#### Given records
----------------
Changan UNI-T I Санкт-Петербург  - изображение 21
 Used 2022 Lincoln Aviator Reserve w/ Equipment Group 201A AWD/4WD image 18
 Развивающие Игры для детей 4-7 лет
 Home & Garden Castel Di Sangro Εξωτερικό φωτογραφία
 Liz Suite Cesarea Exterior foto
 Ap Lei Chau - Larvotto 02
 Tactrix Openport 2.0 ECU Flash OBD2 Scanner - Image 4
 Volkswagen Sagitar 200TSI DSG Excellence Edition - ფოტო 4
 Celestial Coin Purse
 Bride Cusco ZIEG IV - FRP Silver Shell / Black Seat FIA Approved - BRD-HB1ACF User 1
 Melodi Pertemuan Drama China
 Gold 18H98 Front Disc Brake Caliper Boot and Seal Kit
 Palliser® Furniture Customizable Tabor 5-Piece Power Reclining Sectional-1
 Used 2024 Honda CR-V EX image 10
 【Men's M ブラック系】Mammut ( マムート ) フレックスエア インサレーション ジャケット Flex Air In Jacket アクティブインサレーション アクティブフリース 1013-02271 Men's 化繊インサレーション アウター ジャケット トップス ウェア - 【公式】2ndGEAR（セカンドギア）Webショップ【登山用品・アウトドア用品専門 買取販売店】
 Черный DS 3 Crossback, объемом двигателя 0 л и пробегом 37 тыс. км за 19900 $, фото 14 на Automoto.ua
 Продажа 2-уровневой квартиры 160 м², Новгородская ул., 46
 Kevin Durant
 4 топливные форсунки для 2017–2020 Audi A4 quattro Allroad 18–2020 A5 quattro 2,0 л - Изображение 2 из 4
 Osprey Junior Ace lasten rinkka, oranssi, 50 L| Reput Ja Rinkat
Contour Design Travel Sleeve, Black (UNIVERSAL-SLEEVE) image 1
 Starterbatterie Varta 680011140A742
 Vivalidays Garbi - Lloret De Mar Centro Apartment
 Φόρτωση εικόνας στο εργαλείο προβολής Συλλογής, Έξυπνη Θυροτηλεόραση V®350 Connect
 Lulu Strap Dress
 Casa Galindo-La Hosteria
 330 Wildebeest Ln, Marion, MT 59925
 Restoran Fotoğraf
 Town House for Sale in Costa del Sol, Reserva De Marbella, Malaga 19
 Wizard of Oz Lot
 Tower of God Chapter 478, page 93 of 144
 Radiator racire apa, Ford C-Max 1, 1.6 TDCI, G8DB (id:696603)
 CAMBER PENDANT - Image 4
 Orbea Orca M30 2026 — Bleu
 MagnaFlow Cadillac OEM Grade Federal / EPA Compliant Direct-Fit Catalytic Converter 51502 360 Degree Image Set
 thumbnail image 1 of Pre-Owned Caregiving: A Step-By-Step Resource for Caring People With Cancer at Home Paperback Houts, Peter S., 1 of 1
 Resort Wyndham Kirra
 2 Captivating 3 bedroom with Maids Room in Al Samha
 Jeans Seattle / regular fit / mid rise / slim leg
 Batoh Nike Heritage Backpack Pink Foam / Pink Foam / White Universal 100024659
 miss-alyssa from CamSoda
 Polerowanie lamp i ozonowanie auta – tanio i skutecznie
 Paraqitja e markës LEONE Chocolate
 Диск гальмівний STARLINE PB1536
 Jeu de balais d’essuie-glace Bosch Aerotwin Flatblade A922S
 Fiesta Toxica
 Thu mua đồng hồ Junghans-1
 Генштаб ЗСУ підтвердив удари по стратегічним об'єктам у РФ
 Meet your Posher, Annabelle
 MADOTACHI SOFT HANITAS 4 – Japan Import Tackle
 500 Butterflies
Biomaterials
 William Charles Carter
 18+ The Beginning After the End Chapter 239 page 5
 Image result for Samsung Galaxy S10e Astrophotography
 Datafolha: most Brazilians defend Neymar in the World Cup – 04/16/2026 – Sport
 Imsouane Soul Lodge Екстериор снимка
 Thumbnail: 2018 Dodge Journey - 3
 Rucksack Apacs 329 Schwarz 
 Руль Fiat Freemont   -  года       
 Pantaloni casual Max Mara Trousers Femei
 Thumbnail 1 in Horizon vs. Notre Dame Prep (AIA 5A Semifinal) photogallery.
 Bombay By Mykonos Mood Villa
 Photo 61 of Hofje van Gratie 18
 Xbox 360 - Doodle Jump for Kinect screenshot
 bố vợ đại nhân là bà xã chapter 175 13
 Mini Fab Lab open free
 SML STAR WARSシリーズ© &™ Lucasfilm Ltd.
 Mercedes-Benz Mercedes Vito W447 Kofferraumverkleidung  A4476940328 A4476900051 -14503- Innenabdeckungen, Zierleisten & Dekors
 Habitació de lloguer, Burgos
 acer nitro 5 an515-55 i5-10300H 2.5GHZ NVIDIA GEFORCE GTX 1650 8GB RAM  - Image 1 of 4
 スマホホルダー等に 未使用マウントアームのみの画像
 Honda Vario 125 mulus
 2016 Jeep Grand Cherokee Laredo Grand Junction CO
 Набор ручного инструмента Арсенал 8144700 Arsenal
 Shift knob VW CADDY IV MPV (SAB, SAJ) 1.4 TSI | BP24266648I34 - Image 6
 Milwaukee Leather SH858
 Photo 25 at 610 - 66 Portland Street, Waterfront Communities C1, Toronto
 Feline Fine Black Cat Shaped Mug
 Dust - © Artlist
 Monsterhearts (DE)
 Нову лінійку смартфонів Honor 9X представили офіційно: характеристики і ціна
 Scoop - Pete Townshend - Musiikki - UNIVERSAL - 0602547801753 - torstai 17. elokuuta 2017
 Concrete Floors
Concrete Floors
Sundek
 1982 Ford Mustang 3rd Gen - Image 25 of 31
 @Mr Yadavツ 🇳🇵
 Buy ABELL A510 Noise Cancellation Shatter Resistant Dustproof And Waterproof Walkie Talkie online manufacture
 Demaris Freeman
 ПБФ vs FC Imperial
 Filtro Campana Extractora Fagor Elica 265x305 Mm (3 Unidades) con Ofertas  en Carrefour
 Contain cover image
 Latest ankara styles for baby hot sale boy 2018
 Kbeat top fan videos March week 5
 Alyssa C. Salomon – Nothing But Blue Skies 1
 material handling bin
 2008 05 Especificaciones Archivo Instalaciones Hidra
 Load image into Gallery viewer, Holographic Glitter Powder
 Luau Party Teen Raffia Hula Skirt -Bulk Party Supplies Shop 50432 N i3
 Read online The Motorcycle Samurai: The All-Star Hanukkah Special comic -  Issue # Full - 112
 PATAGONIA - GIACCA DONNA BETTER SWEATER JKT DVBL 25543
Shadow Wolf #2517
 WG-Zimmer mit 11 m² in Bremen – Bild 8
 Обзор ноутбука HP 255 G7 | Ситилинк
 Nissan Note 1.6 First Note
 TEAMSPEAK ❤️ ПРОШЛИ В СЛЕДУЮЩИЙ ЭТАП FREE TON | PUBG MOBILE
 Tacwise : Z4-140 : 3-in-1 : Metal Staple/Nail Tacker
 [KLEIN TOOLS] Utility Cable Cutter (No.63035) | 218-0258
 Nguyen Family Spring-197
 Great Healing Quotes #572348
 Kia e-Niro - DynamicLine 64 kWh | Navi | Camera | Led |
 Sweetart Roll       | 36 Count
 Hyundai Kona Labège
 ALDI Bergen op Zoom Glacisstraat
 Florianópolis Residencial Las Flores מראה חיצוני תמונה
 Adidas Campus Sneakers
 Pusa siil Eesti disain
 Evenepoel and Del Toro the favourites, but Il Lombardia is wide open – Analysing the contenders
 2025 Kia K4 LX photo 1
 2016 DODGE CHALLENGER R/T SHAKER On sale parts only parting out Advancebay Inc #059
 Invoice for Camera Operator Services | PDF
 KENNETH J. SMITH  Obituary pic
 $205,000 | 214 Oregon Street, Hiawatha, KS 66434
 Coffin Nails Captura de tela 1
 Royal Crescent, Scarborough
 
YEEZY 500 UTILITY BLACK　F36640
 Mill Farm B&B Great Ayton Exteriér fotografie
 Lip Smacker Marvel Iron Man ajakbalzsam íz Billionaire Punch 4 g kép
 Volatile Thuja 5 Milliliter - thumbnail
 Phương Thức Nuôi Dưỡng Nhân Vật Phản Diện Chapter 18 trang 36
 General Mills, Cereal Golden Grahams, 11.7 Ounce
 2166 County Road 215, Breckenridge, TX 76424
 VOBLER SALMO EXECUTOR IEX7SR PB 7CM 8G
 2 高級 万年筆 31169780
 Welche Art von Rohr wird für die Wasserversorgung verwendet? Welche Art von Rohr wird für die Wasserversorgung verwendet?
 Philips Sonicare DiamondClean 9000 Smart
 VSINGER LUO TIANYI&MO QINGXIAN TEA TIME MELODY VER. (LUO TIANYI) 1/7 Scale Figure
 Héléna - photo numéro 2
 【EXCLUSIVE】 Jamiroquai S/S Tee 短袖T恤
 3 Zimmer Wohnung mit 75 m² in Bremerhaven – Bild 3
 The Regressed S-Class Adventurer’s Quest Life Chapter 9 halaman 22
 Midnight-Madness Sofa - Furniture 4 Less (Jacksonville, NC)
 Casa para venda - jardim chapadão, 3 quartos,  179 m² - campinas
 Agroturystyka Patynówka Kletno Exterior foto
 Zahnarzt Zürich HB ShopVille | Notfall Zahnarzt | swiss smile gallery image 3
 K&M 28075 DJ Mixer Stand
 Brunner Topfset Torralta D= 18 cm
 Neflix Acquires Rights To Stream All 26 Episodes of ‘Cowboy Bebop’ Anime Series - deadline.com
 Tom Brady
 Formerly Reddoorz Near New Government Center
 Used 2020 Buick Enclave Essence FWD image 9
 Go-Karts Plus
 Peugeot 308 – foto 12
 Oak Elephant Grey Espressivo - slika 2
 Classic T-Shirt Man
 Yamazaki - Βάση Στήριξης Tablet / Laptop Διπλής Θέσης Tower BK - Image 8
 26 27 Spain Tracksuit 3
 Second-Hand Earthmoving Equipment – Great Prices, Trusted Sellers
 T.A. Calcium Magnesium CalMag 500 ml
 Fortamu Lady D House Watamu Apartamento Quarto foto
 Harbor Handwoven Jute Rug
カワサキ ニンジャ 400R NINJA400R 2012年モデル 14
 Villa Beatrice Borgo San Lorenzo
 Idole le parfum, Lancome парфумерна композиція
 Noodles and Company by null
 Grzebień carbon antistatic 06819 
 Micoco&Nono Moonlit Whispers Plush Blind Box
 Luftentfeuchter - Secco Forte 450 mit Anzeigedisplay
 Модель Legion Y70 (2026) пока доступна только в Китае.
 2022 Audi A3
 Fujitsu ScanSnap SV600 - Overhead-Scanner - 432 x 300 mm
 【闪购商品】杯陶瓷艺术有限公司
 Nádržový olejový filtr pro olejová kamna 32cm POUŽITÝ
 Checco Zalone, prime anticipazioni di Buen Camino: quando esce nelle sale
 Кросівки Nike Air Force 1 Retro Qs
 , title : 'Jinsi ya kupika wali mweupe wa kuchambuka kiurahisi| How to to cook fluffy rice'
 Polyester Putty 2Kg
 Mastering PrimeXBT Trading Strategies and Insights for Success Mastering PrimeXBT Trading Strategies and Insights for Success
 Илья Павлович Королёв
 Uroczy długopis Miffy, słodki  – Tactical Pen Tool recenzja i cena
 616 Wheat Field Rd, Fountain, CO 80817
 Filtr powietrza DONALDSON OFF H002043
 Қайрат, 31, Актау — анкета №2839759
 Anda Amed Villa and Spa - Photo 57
----------------
#### Problem to solve
State how many lines in the records above contain the word "Camera", giving only the number.

#### Result of this task
2